Availability is the amount of time a device, service or other piece of IT infrastructure is usable — or if it’s available at all. Because availability, or system availability, identifies whether a system is operating normally and how effectively it can recover from a crash, attack or some other type of failure, availability is considered one of the most essential metrics in information technology management. It is a constant concern. After all, an entire business may not be able to operate if an essential piece of hardware or service is not available.
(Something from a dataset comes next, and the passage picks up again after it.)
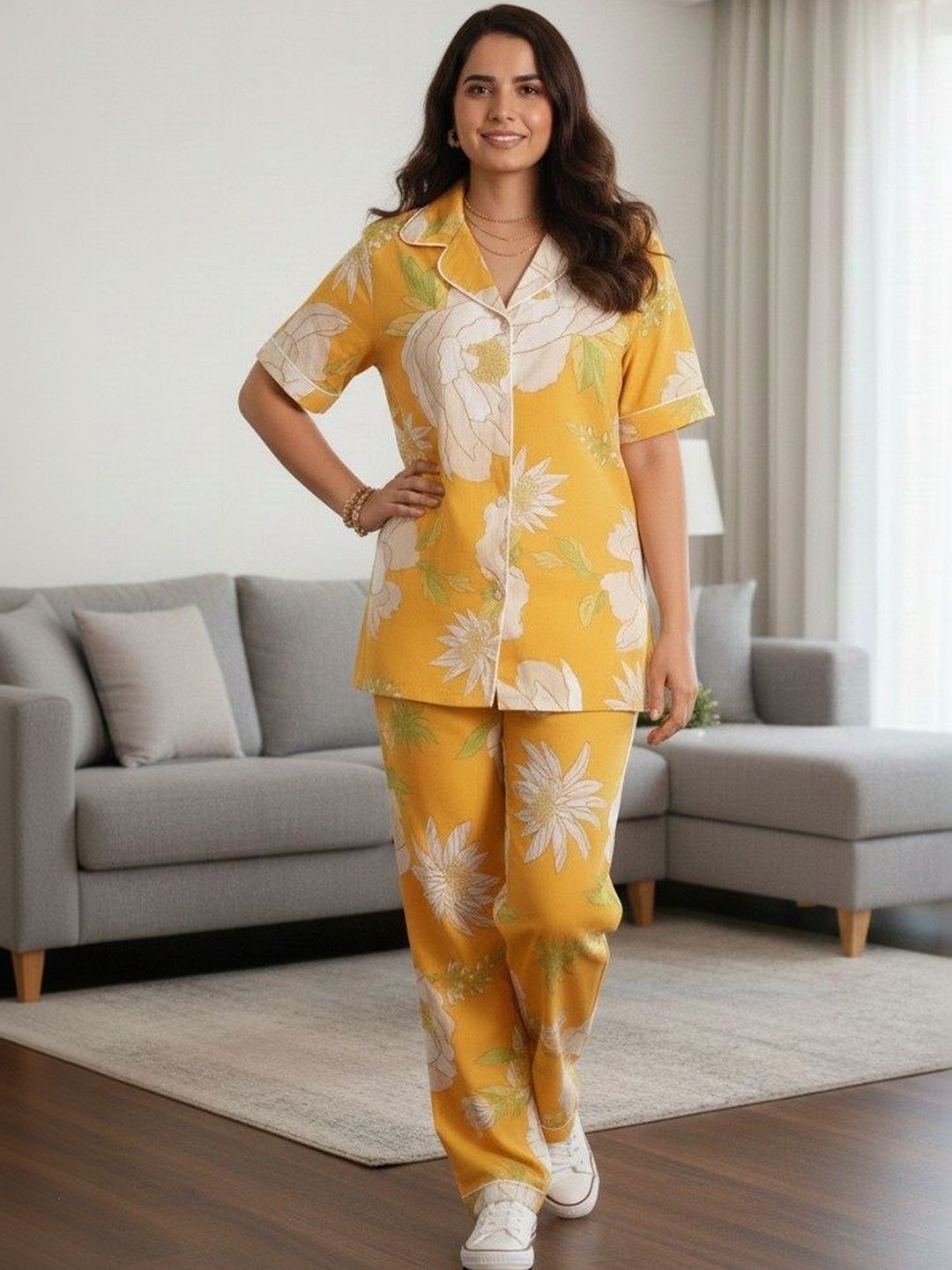 BAESD Women Printed Night suit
Any number of business processes and internal and external factors can impact availability, making it particularly difficult to achieve. Denial of service attacks, hardware and IT service failure and even natural disasters can all impact availability and extend the mean time to repair (MTTR). A problem on a third-party service provider’s shared cloud server can cascade downstream to impact another organization’s availability. And in any IT environment, numerous devices and services interact — and an issue with a single device or service can cause a wide-scale outage. For example, if a key database is corrupted, a critical web server may become unavailable, even if the underlying hardware, operating system and network have not been impacted.
Availability is commonly represented as a percentage point metric, calculated as:
Availability = (Total Service Time) – (Downtime) / (Total Service Time)
This metric can also be represented as a specific measure of time. For example, if Server X has a stated availability (or a promised availability) of 99.999% (known in the industry as ‘five nines’) over the previous month, it has a maximum downtime of 26 seconds per month.
In this article, we’ll examine how enterprises can achieve high levels of availability in a variety of operating environments, as well as the benefits and costs of doing so.
Splunk IT Service Intelligence (ITSI) is an AIOps, analytics and IT management solution that helps teams predict incidents before they impact customers.
Using AI and machine learning, ITSI correlates data collected from monitoring sources and delivers a single live view of relevant IT and business services, reducing alert noise and proactively preventing outages.
High availability is achieved when a system has exceptional levels of availability — high levels of uptime, fault tolerance and resilience.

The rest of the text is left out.